The large teacup is the reflector array; the small disk is the PV panels. This concentration-PV hybrid approach is also being tried for earth-based systems, and seems promising.

The PV panels, in this design, are cleverly sandwiched together with microwave emitters, which transmit the power to a receiving station below.

The NASA group estimated a final cost of an industrial-scale system along the lines of the above to be about $90/MWh (see page 9). That's a really low number, comparable to new coal plants:

Some have proposed using disposable, foldable ultralight solar panels; your panel collects energy for ten years, and then you simply roll out another thin layer of PV. The article just cited (see part 8) estimates such a system could offer a "power density" (a standard measure of the mass-to-current ratio of space-based PV) of 1.2kW/kg.
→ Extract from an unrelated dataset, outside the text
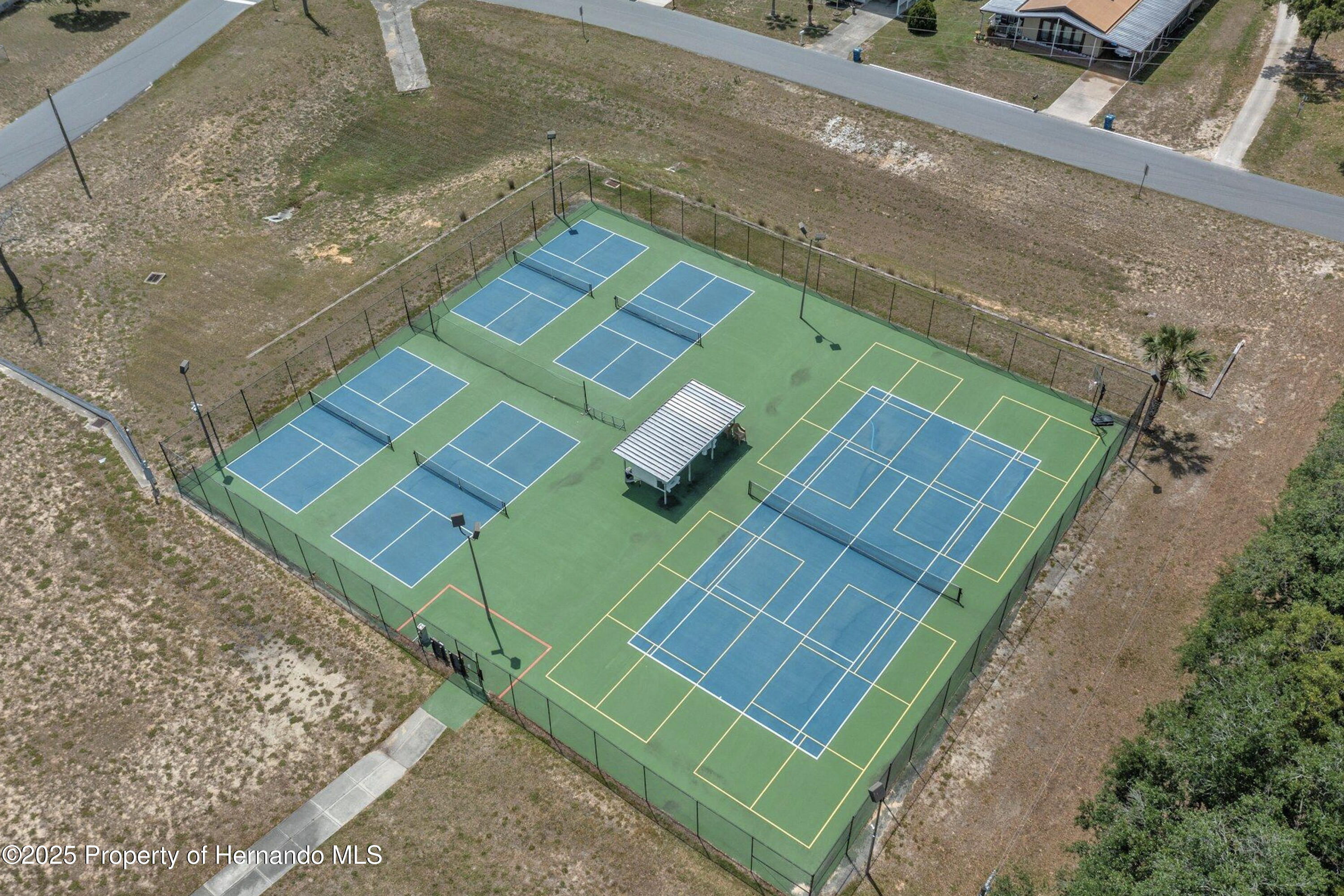 7358 First Loop Avenue, Brooksville, Florida image 50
Ignoring things like the earthbound receiver ("rectenna"), the cost of the panels, and the LEO-GEO shuttle service (because they will essentially be rounding errors for the total cost) a 1,200GW baseload system (supplying about half the current global electrical demand of 20,000TWh/year, or 40% or so after transmission losses) with a forty-year life expectancy would mass about one million tons and cost about $2.3 trillion dollars to orbit with the Falcon Heavy rocket.

That's a staggering sum of money -- almost exactly what we have spent, so far, on the wars in Iraq and Afghanistan.

Despite the remarkably low ROI from that, we are still the richest, most powerful nation in the world, however little it feels that way. It's not about technology. It's about ambition. It's not about how we solve the problem. Contrary to popular opinion, there are many possible solutions. It's about making the decision to solve the problem and concentrating all our efforts on what has to be done.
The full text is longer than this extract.